Today, students at UC Berkeley are generally considered to be less politically active than their predecessors, and far more liberal than the surrounding city of Berkeley. In a poll conducted in 2005, 51% of Berkeley freshmen considered themselves liberal, 37% considered themselves moderate, and 12% identified as conservative. 43.8% have no religious preference compared to a national average of 17.6%. In 1982, 20.8% identified as conservative, 32.9% identified as liberals, and 46.4% identified as moderate. Although Republicans are in the minority, the Berkeley College Republicans is the largest political organization on campus. Democrats outnumber Republicans on the faculty by a ratio of nine to one, leading to some conservative student criticism of the faculty for teaching with a liberal bias.
Although considered a liberal institution by some, various human and animal rights groups have protested the research conducted at Berkeley. Native American groups contend that the university's dismantling of the Phoebe A. Hearst Museum of Anthropology's repatriation unit demonstrates unwillingness to comply with the Native American Graves Protection and Repatriation Act, while Berkeley officials say the museum's reorganization complies with the law and will involve all museum staff in the repatriation process. Animal-rights activists have taken to committing various acts of vandalism and intimidation against faculty members whose research involves the use of animals.

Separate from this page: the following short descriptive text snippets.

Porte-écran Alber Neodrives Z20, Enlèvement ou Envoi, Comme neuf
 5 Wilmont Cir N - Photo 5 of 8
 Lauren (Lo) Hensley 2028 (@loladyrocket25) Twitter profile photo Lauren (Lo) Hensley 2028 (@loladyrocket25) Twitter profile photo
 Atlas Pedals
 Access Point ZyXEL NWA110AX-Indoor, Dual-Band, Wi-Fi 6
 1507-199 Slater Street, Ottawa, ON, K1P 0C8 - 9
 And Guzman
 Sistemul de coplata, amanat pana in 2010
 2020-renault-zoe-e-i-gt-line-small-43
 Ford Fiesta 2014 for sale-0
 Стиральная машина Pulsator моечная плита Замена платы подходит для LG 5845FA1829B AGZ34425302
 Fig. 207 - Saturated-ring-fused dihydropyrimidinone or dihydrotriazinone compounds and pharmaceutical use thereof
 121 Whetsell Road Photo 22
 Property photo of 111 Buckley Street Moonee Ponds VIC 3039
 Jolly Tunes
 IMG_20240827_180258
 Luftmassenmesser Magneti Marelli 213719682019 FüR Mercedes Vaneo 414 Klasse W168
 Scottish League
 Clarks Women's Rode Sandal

Additionally, the university's response to a group of tree sitters protesting the construction of a new athletic center has galvanized some members of the local community, including the city council, against the university. Plans to renovate Memorial Stadium in a way that would eliminate a view of the field from the surrounding hills also have encountered opposition from alumni and others who have regularly watched Cal football games for free.
As of 2006, the 32,347-student university needed more capital investment just to maintain current infrastructure than any other campus in the UC system, but as its enrollment is at capacity, it often receives less state money for improvement projects than other, growing campuses in the system. As state funding for higher education declines, Berkeley has increasingly turned to private sources to maintain basic research programs. In 2007, the oil giant BP donated $500 million to Berkeley and the University of Illinois at Urbana-Champaign to establish a joint research laboratory to develop biofuels, the Hewlett Foundation gave $113 million to endow 100 faculty chairs, and Dow Chemical gave $10 million for a research program in sustainability to be overseen by a Dow executive.
The $500 million ten-year contract between UC Berkeley, the Lawrence Berkeley Laboratory, the University of Illinois at Urbana-Champaign and BP (formerly BP Amoco), one of the world's largest energy production companies, officially went into effect Wednesday November 14, 2007 following approval by a majority of the faculty. The grant is the largest in the University's history. The deal has garnered criticism from some students and faculty who claim the agreement was negotiated in secret, and that it threatens Berkeley's reputation as an autonomous and democratic institution of higher learning. Supporters of the deal, on the other hand, assert that the infusion of capital from the venture will benefit the campus as a whole at a time when public universities are dealing with increasing cuts in State and Federal funding. They also point out that the BP deal focuses on developing alternative energy, an important issue in today's world.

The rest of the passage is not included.